Looked at a house yesterday that has rust stains on hardy plank siding. They watered the lawn and house from their well last year during the drought and now wants to repaint. Never really delt with rust stains. Do I need to primer over them? I would have thought someone would notice the sprinkler hiting the house and moved it.


----------



## gabe (Apr 20, 2012)

Try cleaning with "the works " or "iron out" if lucky just repaint, other wise prime with cover stain.


----------



## Dave Mac (May 4, 2007)

remove the rust with the proper chemical, it will come off very easy


----------



## 1camper (Feb 17, 2013)

The proper chemical being muratic acid.. 1 part acid to 2 parts water should do it. You can always add a little more acid. When it turns the rust green its working.

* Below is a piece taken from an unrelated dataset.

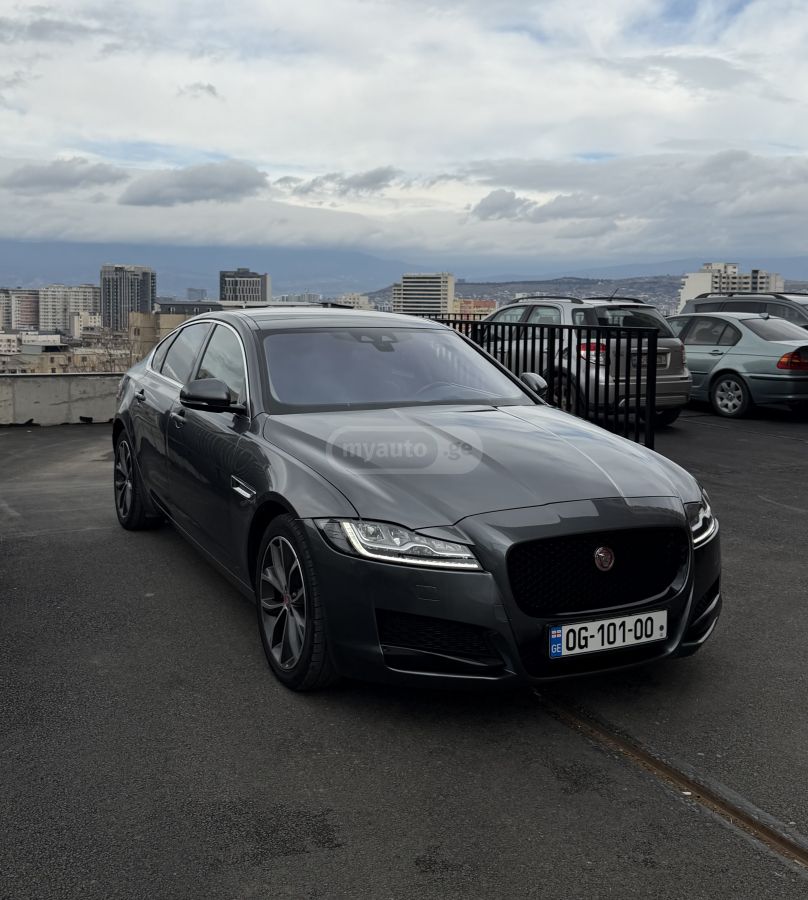 Jaguar XF 2017 — photo 2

Let it dwell for a couple minutes and rinse thoroughly.


----------



## city slicker (Feb 9, 2010)

*?*

What about with "CLR" cleaner?


----------



## Dkon7 (Jan 23, 2013)

1camper said:


> The proper chemical being muratic acid.. 1 part acid to 2 parts water should do it. You can always add a little more acid. When it turns the rust green its working. Let it dwell for a couple minutes and rinse thoroughly.


:thumbsup:

The rust in the well water is iron. I have it in my well too. My well guy told me to add bleach to the well and leave it alone for 24 hours. Then purge it by running water till the bleach smell is gone. For whatever reason, the bleach attaches to the iron and separates it from the water. It works so we do it occasionally.


----------



## 1camper (Feb 17, 2013)

CLR is a good cleaner that will also remove the white deposits from calcium and lime. Just slower to work and usually those deposits aren't causing the complaint. Rust on light colored siding, muratic acid most of the time.

Another good rust stain remover is the oxalic acid wood brightener. I use it near glass or other acid sensitive surfaces like sand coated brick.


----------